By MARYA SALAMAT
MANILA — PBCom employees might gear up for a strike if negotiations for their collective bargaining agreement (CBA) continues to be stalled at what the unionists describe as “near moratorium” management counter-proposal.
The 400-strong union’s three-year CBA lapsed December last year. Talks for its fourth to fifth year are bogged down five months into the union-management negotiations, prompting a series of protests from unionists in various branches all over the country.
Last week, a hundred unionists lit candles outside of PBCom Tower Building along Ayala Avenue, Makati City to protest the management’s proposal for “meager wage hikes.” This week, as top executives of the bank were holding a meeting, about 30 bank employees picketed the bank premises in Ayala before starting work for the day.
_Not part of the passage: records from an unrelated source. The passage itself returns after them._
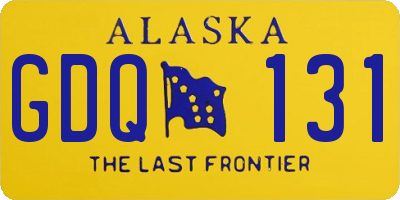 AK license plate GDQ131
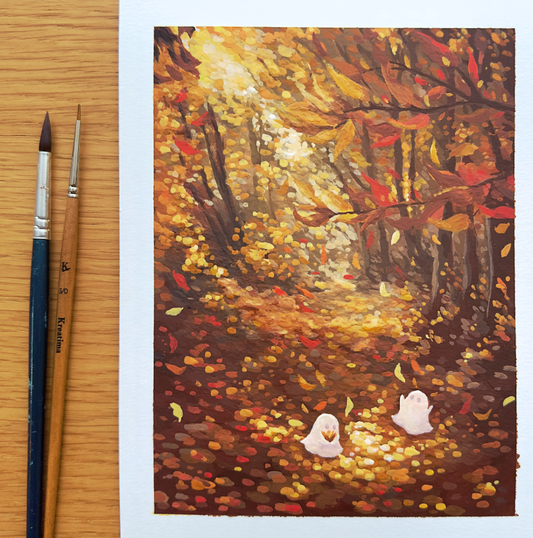 Fall Ghost Collection 2026 | Gouache Paintings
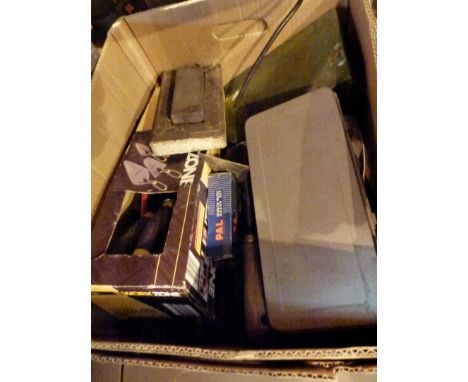 Box of tools and fixings 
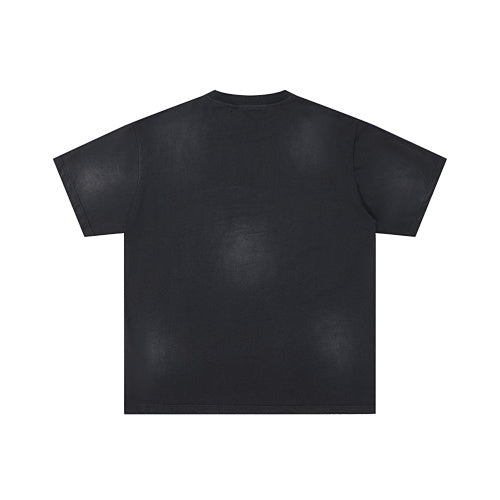 DUAA Football Player Graphic Black Short‑Sleeve T‑Shirt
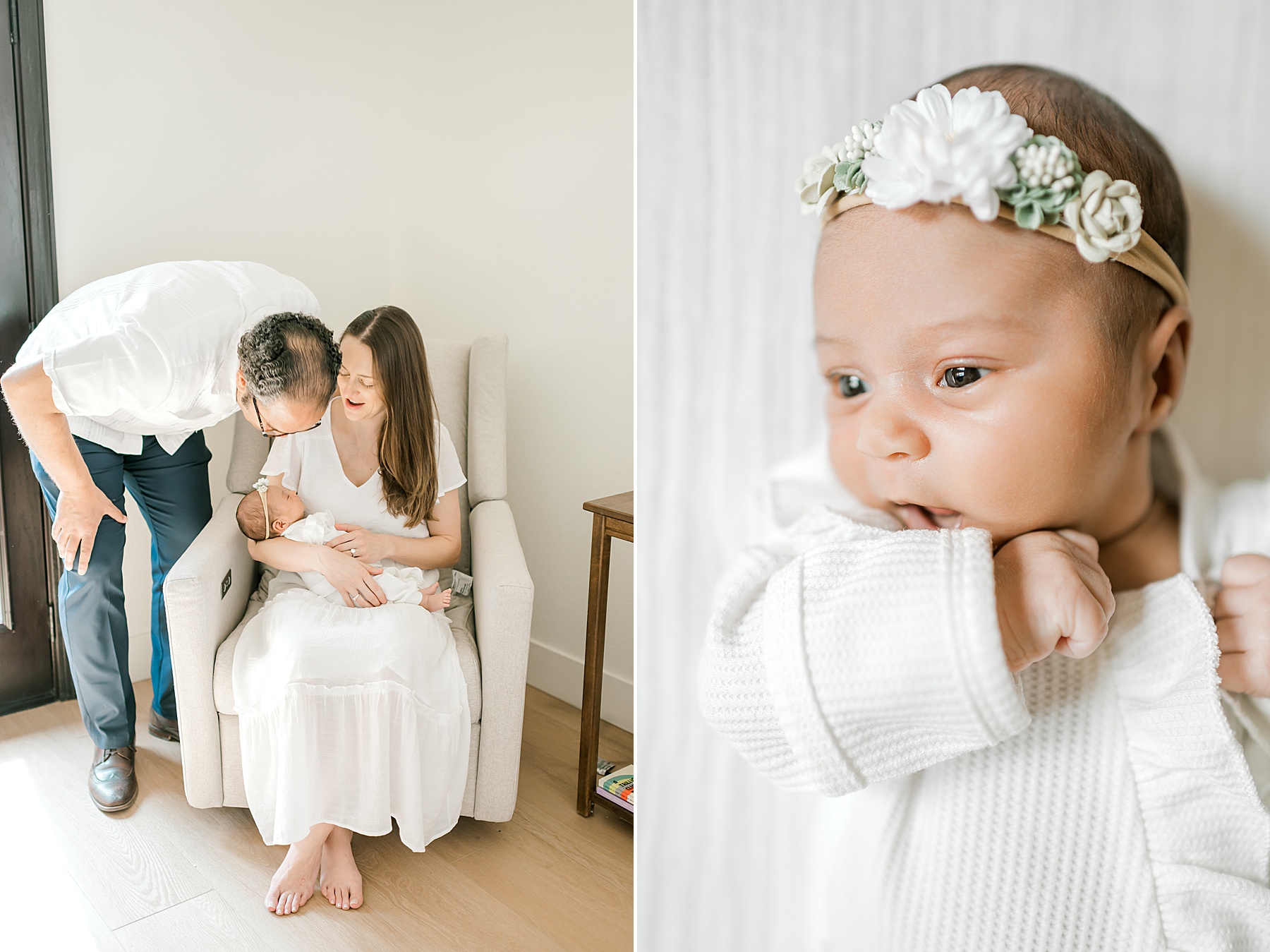 Simple and Sweet Newborn Session in family home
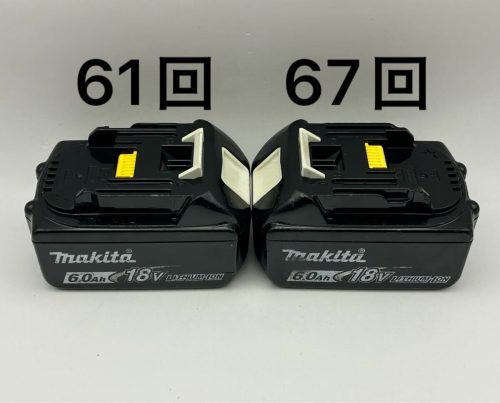 ชาร์จ 61 ครั้งและ 67 ครั้ง 2 ชิ้นของแท้ BL1860B Makita makita 18V 6.0Ah ของแท้แบตเตอรี่ลิเธียมไอออนปรับสมดุลเซลล์โครงสร้างเคลือบพิเศษ f80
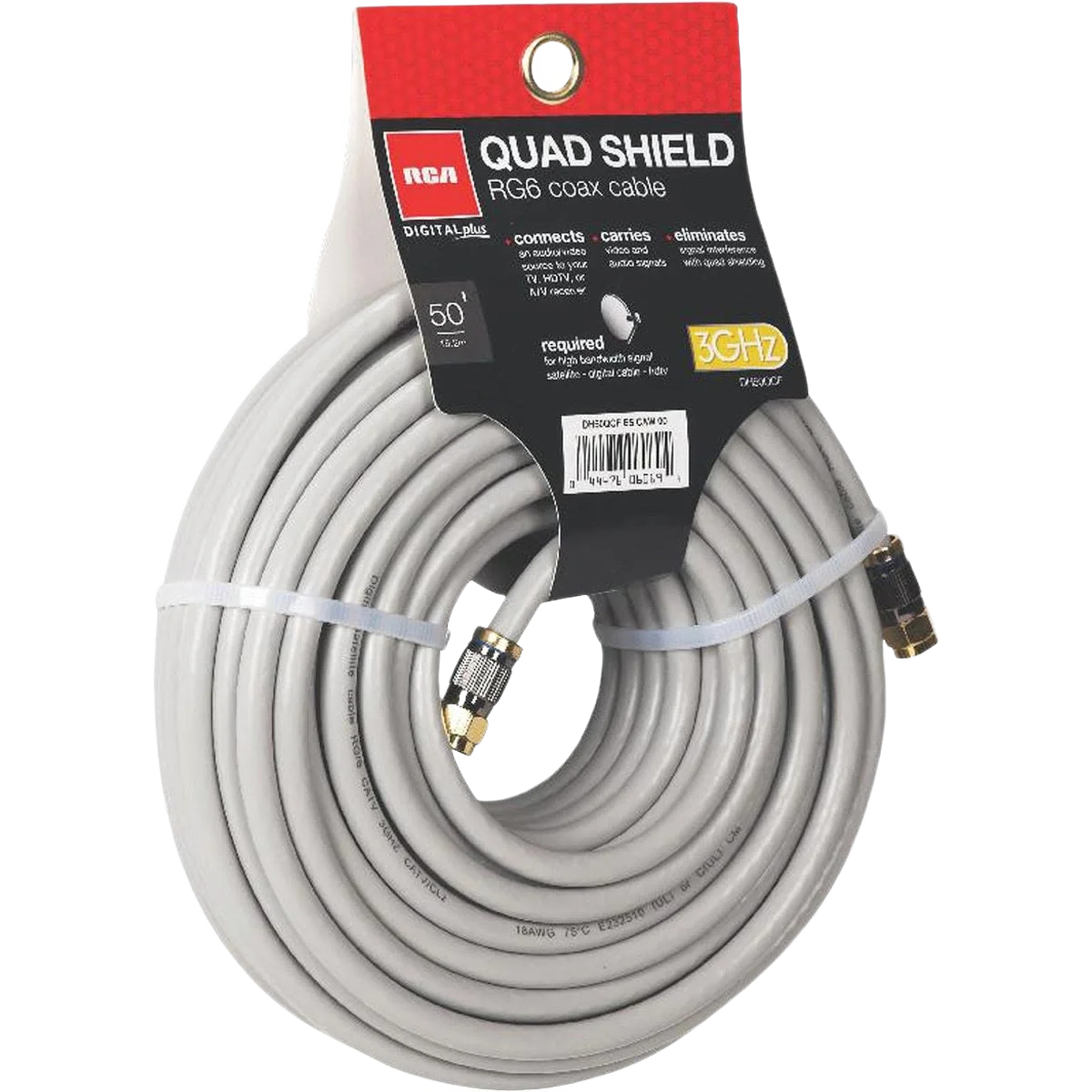 Elite RCA 50 ft. Quad Shield Cable Casual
Employees from smaller branches outside of the capital were reportedly also coming together for brief pickets.
“This is our continued protest against the near moratorium increases that management is offering its employees for the next two years’ CBA,” said Dennis Fernandez, vice-president of PBCom Employees Association (PBCEA).
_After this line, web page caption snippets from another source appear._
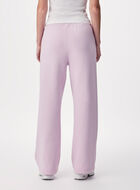 Pantalon molletonn&eacute; en coton biologique &agrave; jambe large Cooper 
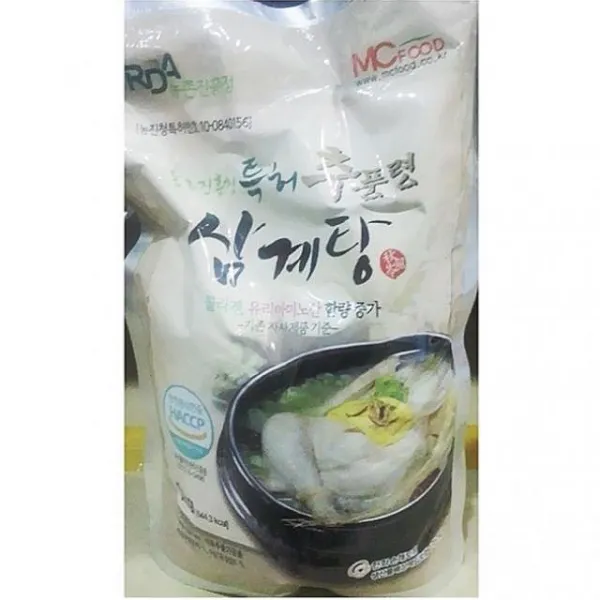디자인그룹 티에스 추풍령 즉석 간편 조리식품 삼계탕 1Kg 15EA 즉석탕 찌개, 1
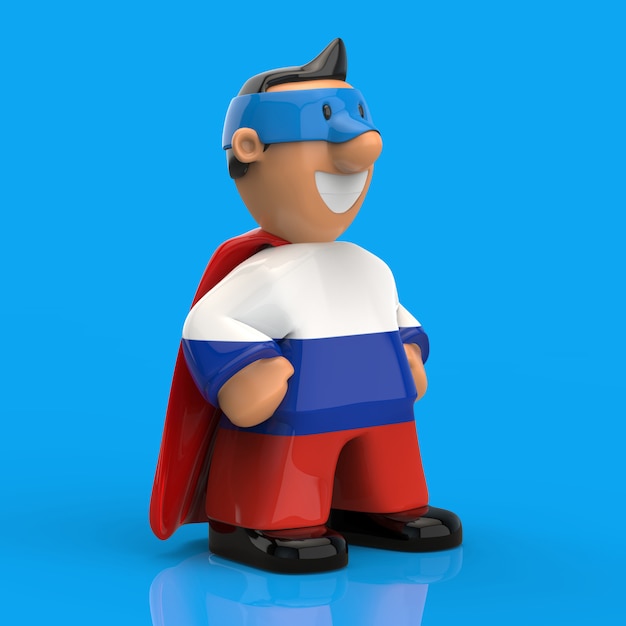 Superbohatera pojęcie - 3D ilustracja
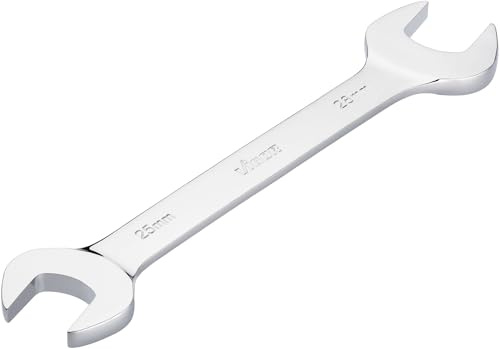 Vigor doppia chiave aperta, profilo esagonale esterno V7730-25X28, larghezza chiave 25 x 28 mm, cromata e lucidata, adatta a tutti i collegamenti a vite, lunghezza 262 mm'.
The union said PBCom reported earnings of P203.6 million ($4.4 million), after tax, last year. Its submitted income reports to the Securities and Exchange Commission meanwhile said PBCom earned P1.63 billion ($35 million) and P111.5 million ($2.4 million) in 2013 and 2014 respectively.
Yet, in comparison to the union’s demand for 12-percent hike in wages, the PBCom management offered a P500 ($10.71) monthly wage hike.
Union leaders explained that in previous CBAs, they and the management have opted for percentage increases to recognize the varied seniority levels of the employees.
But for the first time in their years of crafting CBAs, the management offered and hardly budged from its first hike offer of P500. Union leaders said that after tax, that hike will hardly amount to P17 ($0.02) per day, an amount which is not even enough to pay for their transportation fare going to and from their jobs.
Fernandez told Bulatlat that the offered wage hike is even more unacceptable given that the bank employees’ workload has been intensified by the Lucio Co-owned bank’s restructuring and reorganization.
It can be recalled that the bank employees’ union launched a series of protests last year against the management’s forcible retrenchment of employees especially those who had served the longest in the bank. These are the employees whose salaries were relatively higher due to their CBAs over the years. The workload of those retrenched was reportedly being borne by those left on the job. When employees eventually leave because they could not bear the heavier workload, they are not being replaced by new employees. Instead, the bank employees are being driven to multi-task, under the bank’s reorganization, the union said.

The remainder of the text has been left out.